Fabric channel configuration (all others parameters are the default):
BatchTimeout: 1s
BatchSize:
MaxMessageCount: 500
AbsoluteMaxBytes: 200 MB
PreferredMaxBytes: 50 MB
I performed tests for both CouchDB and LevelDB as a state database. I use official Fabcar chaincode (Golang implementation) for my tests. I created simple nodejs app which interacts with the Fabric network using SDK and exposes HTTP API for load tests. This app is stateless and can be easily scaled. For load testing, I'm using tool YandexTank. I've performed two kinds of tests with high load: query (requests via peer001 to the Fabric state when blockchain is empty) and insert (transactions within the blockchain).
Results
CouchDB as a state database
Query results: https://overload.yandex.net/101153. At ~1100 rps latency starts to increase. But Fabric instance is not loaded and have a lot of free resources. On the figure below you can see CPU and Memory usage by the Fabric network containers on the instance fabric001 during the test. 100% CPU usage means one full vCPU load. Also peer001 prints a lot of similar error logs (not full output, just tiny part, I can share it with you if needed): https://gist.github.com/krabradosty/9780cacc92fcdeaa0c36377a91727ade
Insert results: https://overload.yandex.net/101217. At ~600 rps latency degradation is very fast. Before is slowly, but anyway, exist.

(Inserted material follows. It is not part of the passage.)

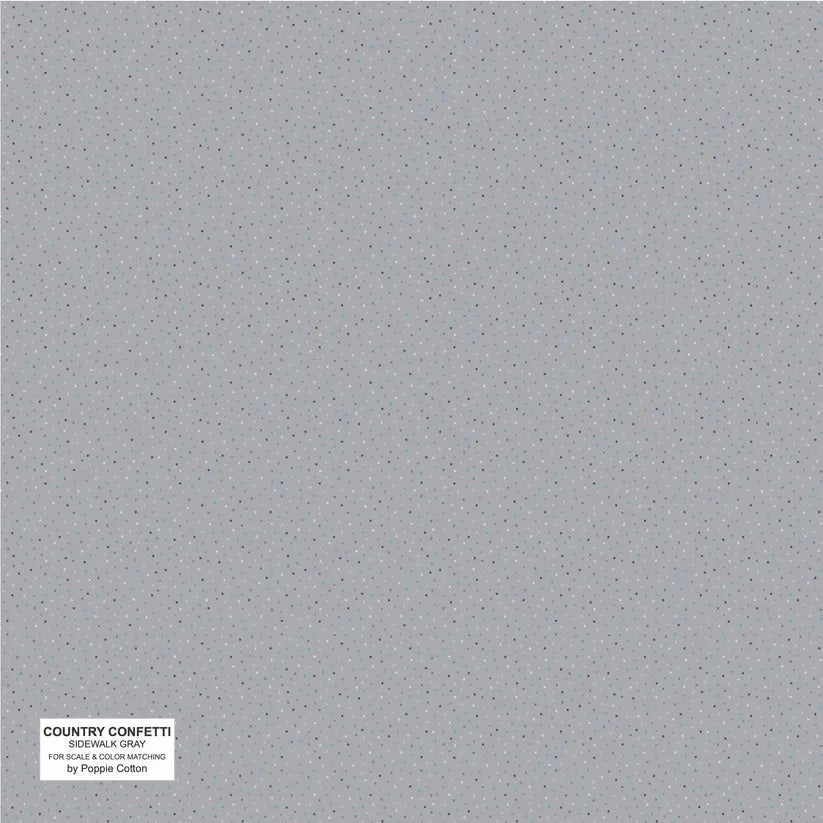 Cotton Fabric Gray Sidewalk 44/45" Width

CPU and Memory usage of the fabric003 containers on the figure below: A lot of error logs from the peer (again, not full output): https://gist.github.com/krabradosty/3810151b8e101d8279cc705aef22863e
Based on this I can conclude that Fabric Peer has problems with the CouchDB connection under the load.
My questions: Does Fabric comminity know about this bug? Do you have plans how to solve it?

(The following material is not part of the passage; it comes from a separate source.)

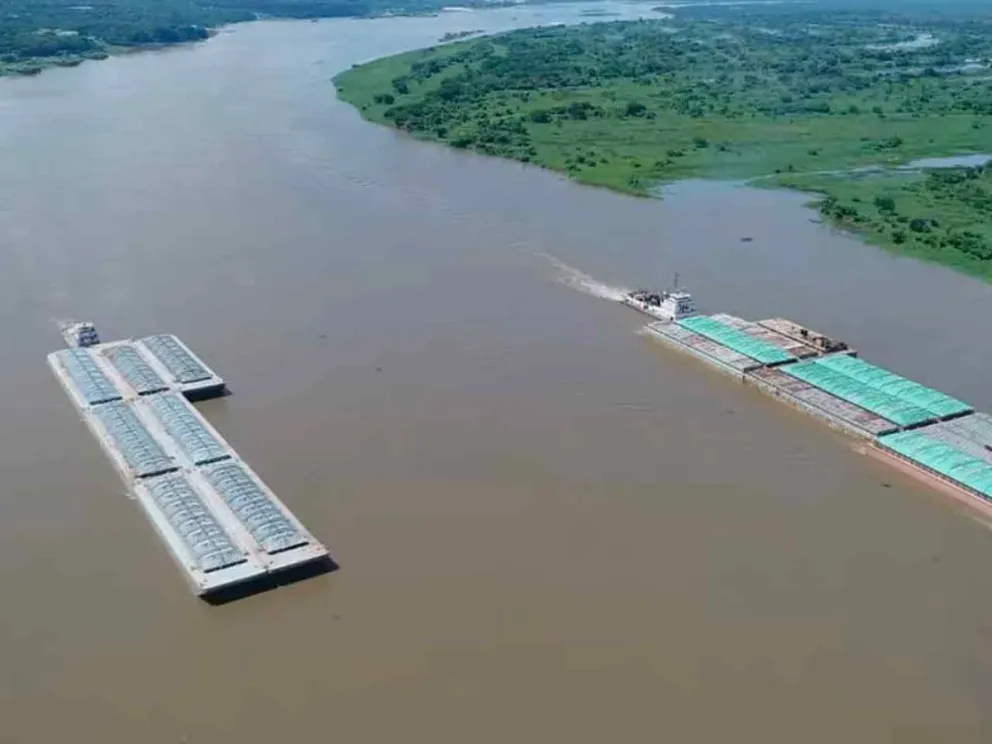 La entidad propone combinar camiones y barcazas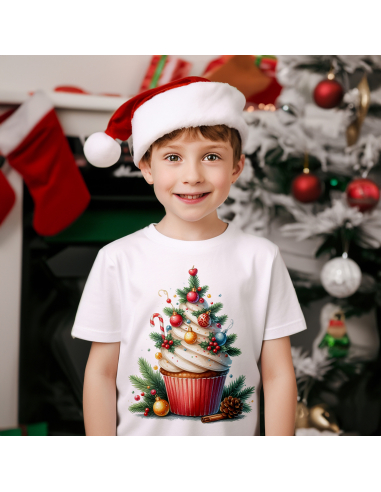 KOSZULKA DZIECIĘCA Babeczka choinka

LevelDB as a state database
- Query results: https://overload.yandex.net/102035. CPU and Memory usage of the fabric001 containers on the figure below: There are no any errors from the blockchain, I just see latency degradation.
- Insert results: https://overload.yandex.net/102040. CPU and Memory usage of the fabric001 containers on the figure below: Aggressive latency degradation starts at ~850 rps. No errors from the blockchain.
My questions: What is the cause of this latency degradation? Why I can't achieve 3500 rps performance that IBM report in their article? What plans does Fabric community have on improving the performance?